In the interest of full disclosure, author Jennie Coughlin is a friend. When she asked me if I was interested in receiving a review copy of Thrown Out: Stories from Exeter, I immediately said yes, figuring that if I absolutely hated it, I would not review it. Fortunately, that’s not the case.
This book is available in both electronic and traditional formats. The paperback version is very thin since these four stories are 86 pages combined. It makes for a quick read, but it is worth it.
Exeter is a fictitious small town in Massachusetts. There’s a college in town, but the non-college part of the town is very small and most people have been there for years. These stories don’t focus on any one character but give us glimpses of the people who live in the town.
“Bones of the Past” opens the collection, and it finds Riordan, a lawyer in town, telling Ellie, a newcomer, about the town’s past connections with the mob and how it all came to a head one summer. While the story tells us what is to come in the first few pages, how the characters reacted to things is interested to watch. I enjoyed this story very much.
“Thrown Out” focuses on Chris who has reached a crossroads in his relationship with Dan. Can Chris overcome a very painful past to fully embrace Dan? Again, the plot held few surprises for me, but the characters were brought to life from the very beginning, so the story was extremely powerful. I could feel Chris’ pain on every page as he struggled with what he was going to do.

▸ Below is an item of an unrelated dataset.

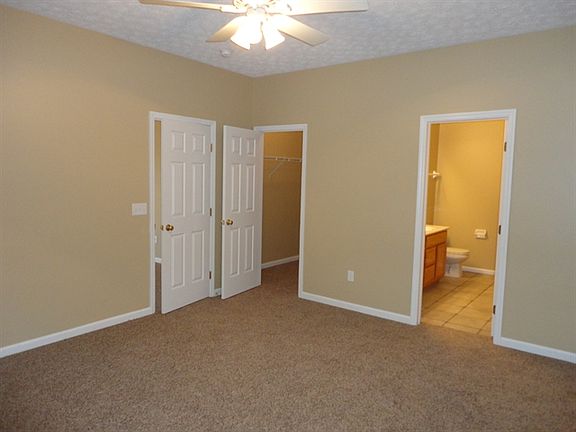 5th image of 9748 Olde Park Dr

“End Run” was the weakest story in the book for me. This one finds the owner of the general store, F.X. O’Leary, worried about his grandkids. So he goes to Riordan to find a way he can learn more about what his kids are facing without upsetting his son. This one ended so abruptly for me I honestly felt like it was half a story. Again, the characters were well drawn and grabbed me from the first page.
Finally comes “Intricate Dance.” This one flashes back to 1969 as a young Riordan takes on a high profile and political local divorce case at the same time he is trying to get serious with Becca, a young artist who he thinks is the love of his life. This story held the most tension for me, but even then the characters were at the forefront.
While each story really does have a different focus as far as characters go, characters will pop up again in later stories. Riordan is the closest thing to a main character, but he hardly appears in one story.
There is definitely enough plot to keep you engaged, but the stars are the characters. The main ones are richly developed and feel very real after just a page or two. The antagonists, of the stories, don’t fare nearly as well. They are very flat and border on stereotypical, at least to me. Granted, they aren’t the focus of the stories, and I’m sure if we were to see more of them, we’d understand them better. Still, that was a disappointment.
So obviously I did have some small issues with the stories in Thrown Out: Stories from Exeter, but overall I enjoyed it. It was a switch from my normal mystery dominated choices, and one I enjoyed.